The crypto-asset space is rapidly expanding with nearly $100 billion USD in value currently parked within blockchain ledgers. It has been estimated that by 2025 that number will rise to a $300 billion and possibly up to a colossal $3.1 trillion by 2030.
At the heart of their brilliance, the successful public ledgers such as Bitcoin or Ethereum hide a major vulnerability. Without exception, they rely upon the security of digital signature schemes to maintain transactional security.
If technology does not advance, such signatures would remain secure from brute-force classical computing attacks. However, this is not our reality and the public-key elliptic curve cryptography used in these schemes are insecure against a suitably powerful quantum computer (QC). Nascent quantum computing has already begun to arrive in the public domain and huge sums are being poured into QC development by industry and State level actors.
The countdown to this revolution has already begun.
The QRL idea and use-case is simple. We will provide the first blockchain ledger which will not only be secure today, but for the next century and beyond. We are designing for an adversarial future and our tools are well researched. They utilize cutting edge post-quantum signature schemes which are resistant to both classical and future quantum computing attack vectors.
It features a core design incorporating hash-based XMSS digital signatures and a unique proof-of-stake algorithm using reverse iterative keyed hash chains and hash-based pseudo random number sequences. It has zero reliance on conventional signature schemes. It has extremely low hardware requirements and is able to run on raspberry PI grade machines.
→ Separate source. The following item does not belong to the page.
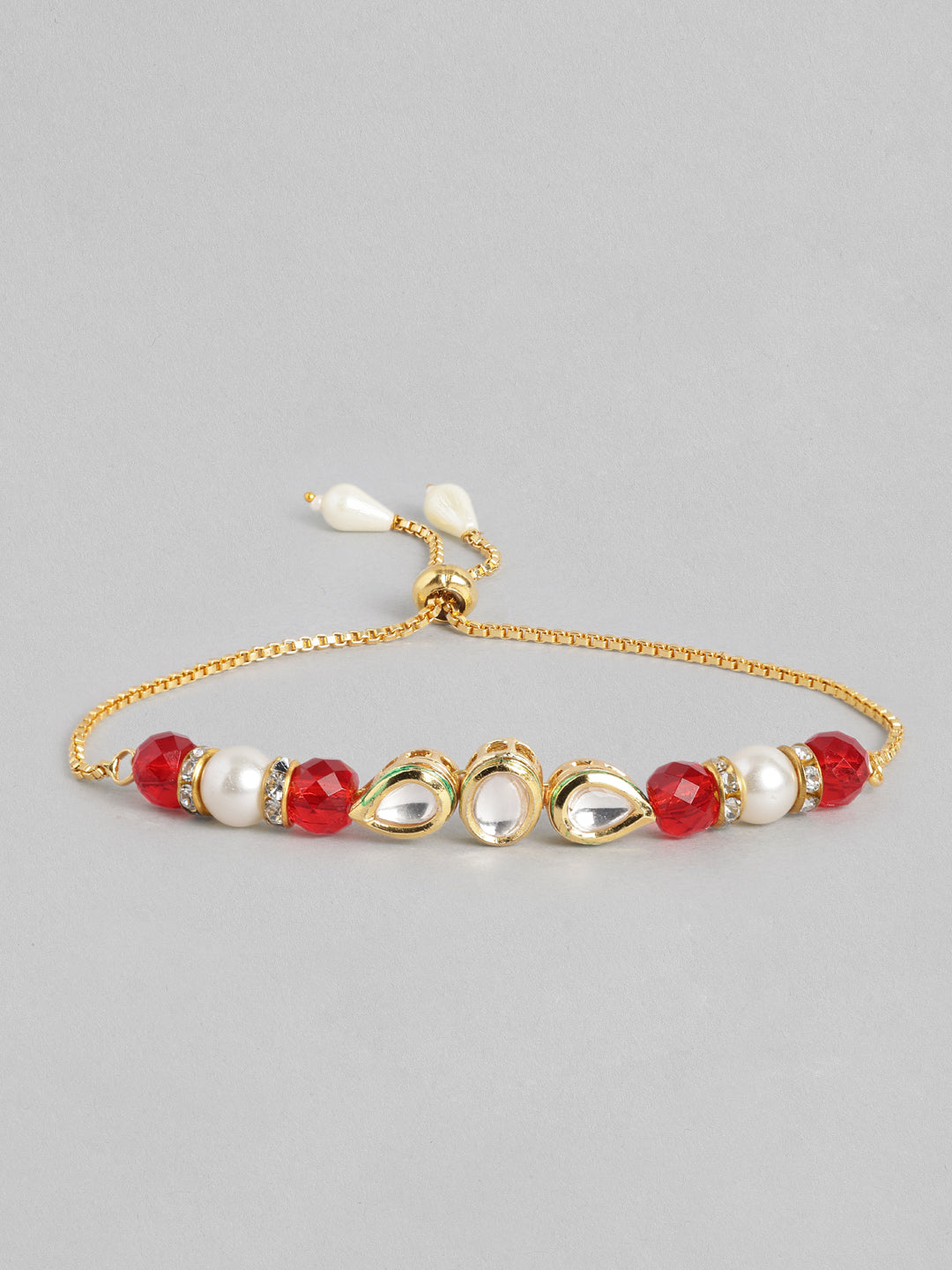 Multi Colour Brass Kundan Rakhi set of 2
The architecture is amenable for post-quantum end-end communication channels, authenticated and verified digital identification, proof of ownership with relevant transactions and governance (specifically voting and polls). Programmable applications are also being considered for the network architecture. This would operate similar to smart contracts, however, we may use a deterministic modular design. The consensus system for verifying transaction is accomplished through Proof of Stake (POS) an economic based incentive for individual nodes on the network to honestly validate transactions.